Businessman and performer Brendan van Rhyn, popularly known as his female alter ego Cathy Specific, spoke about the challenges he encountered as a child in school.

“I was constantly mocked for being gay, and those weren’t good feelings I had,” he said. He soon realised that everyone in the world was different and that only the brave show the world their true selves.

“If you told me 11 years ago that I would spend my life as a woman, I would have told you that you were crazy but because I have found the courage to be my true self and live my best life, I am entirely happy,” he explained.

Van Rhyn said what gave him the courage to keep on living his truth was the support he received from his family.

“Because my parents fully supported me, I was the happiest boy in the world. I never minded the bullies,” he said.
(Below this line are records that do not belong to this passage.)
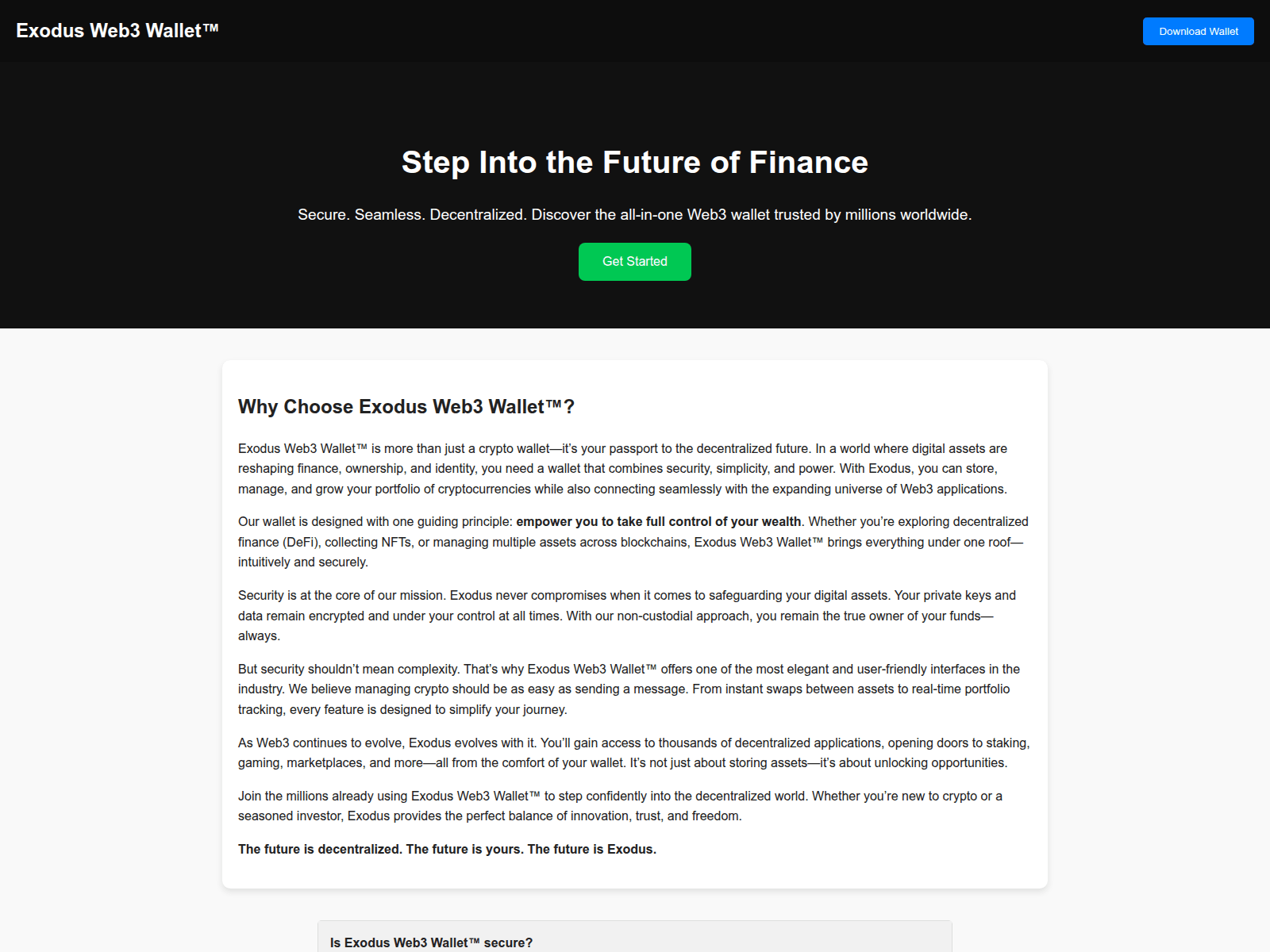 Forensic screenshot of exobus-us.pages.dev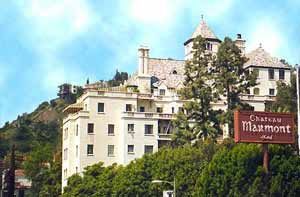 Le Chateau Marmont et ses célébrités !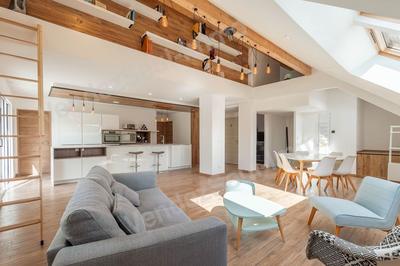 Duplex - 134 m² - 5 pièces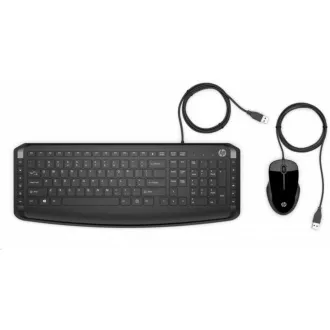 HP Wired Keyboard & Mouse 200 SK/SK - KLÁVESNICA a MYŠ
Although bullying can be described as the intimidation of weak people by stronger people, former public protector Thuli Madonsela said that strong people do not bully anyone and that only weak people are the ones who become bullies.

“These bullies abuse the little power they have to bully others in order to feel strong,” she said.

“A bully is a wounded person. It may be a child who grew up in a dysfunctional family, or someone who was bullied as a child.”

She said the answer to ending bullying and violence in society does not lie only in increasing the number of police and efficiency of policing, but in coming up with prevention mechanisms.

“If we can ensure that children are not brought up in dysfunctional circumstances and to recognise the trauma of the past, we can also ensure healing.”

Co-founder of the 1000 Women 1 Voice movement, Tina Thiart said the current statistics are shocking.

“Currently, South Africa holds the highest rate of bullying. In the Western Cape alone, 35% of children are said to have been affected by bullying and 41% in the country,” she said.

Safe spaces for women in communities need to be established in order to tackle these issues.

“Furthermore, we need to work with the said perpetrators. 

“We can find out why they are doing what they are doing, maybe they need our support,” she said.